2

I think this should be the right SE, apologies otherwise

I have been researching ways to be more careful with how I handle important documents and credentials, but everything I found sounded incredibly inconvenient to use so I would like to get a confirmation of the simplest way to meet my use case - which I think is rather common.

Use case:

  1. I may not be a network or even IT engineer, but as a robotics engineer I am comfortable with pretty much any solution I have seen - it's just a matter of daily convenience
  2. I need to be able to store my personal administrative documents (including important ones) and various account credentials somewhere safe where I can be confident they will not be accessed nor damaged (within reason)
  3. I need to read/write my credentials from my personal computer (Windows), my mobile phone (Android), and my work laptop (usually Windows, sometimes Linux). It's okay if I can't access my documents on my mobile phone.
  4. I don't want a solution based on a cloud service, I'm really not comfortable depending on anyone for something as critical as this. I'm not a fan of a self-hosted server solution either but if that's what it takes I'm ok with it.

Edit: taking your advice into consideration, here is what I came up with. What do you think?

proposed archi

All terminals have the veracrypt container (for documents) and the keepass database (for credentials) 2-way synced using SyncThing (peer to peer). I can access the credentials and the documents using 2 factor auth, the master password (something I know) and the Yubikey (something I have). Both encrypted containers are 1-way-synced with file versioning ("staggered", i.e. with timestamp) to 2 NAS, each set up as RAID1 and in different locations. Incidentally, both NAS will receive non-critical backups. And since I'm not arrogant enough to consider myself more reliable than Google, each NAS will 1-way sync to my Google Drive in their own subfolder (I'm not sure it's safe to target the same folder). Once it's set up, I will plug my yubikey in the machine I want, open either encrypted container with the master password, and for credentials use the browser's Keepass plugin to auto-fill login & password for me. When I need to add an account, I generate a random one from Keepass.

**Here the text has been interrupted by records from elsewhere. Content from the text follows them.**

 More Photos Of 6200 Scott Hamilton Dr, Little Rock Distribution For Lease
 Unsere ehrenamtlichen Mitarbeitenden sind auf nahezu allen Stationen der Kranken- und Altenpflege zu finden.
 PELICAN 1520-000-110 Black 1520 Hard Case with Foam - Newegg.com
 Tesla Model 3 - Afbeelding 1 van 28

The reason I didn't use Google Drive instead of SyncThing is that I don't rely on my devices being auto-connected to Google Drive to access my credentials, and if my devices get stolen I don't rely on a third party to provide me with a backup.

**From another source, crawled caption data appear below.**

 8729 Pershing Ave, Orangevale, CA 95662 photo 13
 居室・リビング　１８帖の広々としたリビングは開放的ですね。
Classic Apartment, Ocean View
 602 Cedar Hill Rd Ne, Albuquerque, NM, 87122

Oh, and I've covered added malware protection because that's obviously a prerequisite to Keepass and Veracrypt. Not too sure whether magikeyboard is not a vulnerability still here.

16
  • Why not store the VeraCrypt container, or similar, on a cloud service? How is a cloud service a problem in your use case?
    – schroeder
    Commented Jul 7 at 10:03
  • Sure, this is a common use use, but your requirements are not common. People use password managers and encrypted file containers in the cloud.
    – schroeder
    Commented Jul 7 at 10:06
  • As a robotics engineer, I'm sure you can see that you have mixed requirements that do not create a cohesive set. You have hardware requirements, networking requirements, but also application-level requirements that are completely independent from the other requirements. So, I think you need to decompose the question and your requirements far better.
    – schroeder
    Commented Jul 7 at 12:12
  • Thanks for the comments. I wrote these reqs at 2am so they're not a proper set - I'm not against using a cloud service to store something encrypted as long as it would take quantum computers to break it, and if it's backed up on hard drives in two of my places. Is there any other req in particular I should rework? Commented Jul 7 at 14:20
  • Your question appears to be critically around the infrastructure. Data flow, backup, accessibility. That's a cohesive set of requirements. Expecting the password manager to automatically update and autofill is a separate, application-level concern, and only applicable once the infrastructure is in place. So, I would dump those entirely. And I would update your reqs to include what you don't want from cloud, not that you won't accept cloud in any form. In fact, your comment suggests that it is well within your acceptable limits.
    – schroeder
    Commented Jul 7 at 15:12

1 Answer 1

6

If you consider carrying a USB stick around convenient, then a VeraCrypt container is a good starting point. You could additionally use hardware encryption, but I wouldn't rely on it alone. Open-source software tools like VeraCrypt can be and have been audited, whereas proprietary hardware encryption is largely a blackbox – we don't know how secure it really is. In the past, major vulnerabilities were found in, for example, hardware encryption of SSDs.

However, VeraCrypt only protects the data at rest. As soon as you open a file with a program, the data is loaded into RAM as plaintext. Even worse, it may also be written to disk as plaintext. For example, the program may create temporary files, or the operating system may swap RAM content to disk. This is particularly problematic in your case, because you have so many different client devices.

Therefore, encrypting only the USB stick isn't going to be enough. Ideally, you should use full-disk encryption on all client devices. Additionally, use tools which don't create random files and don't let the data be swapped to disk. For passwords, KeepassXC is a good choice. For documents, you should at least make sure that no temporary files are created outside of the VeraCrypt container.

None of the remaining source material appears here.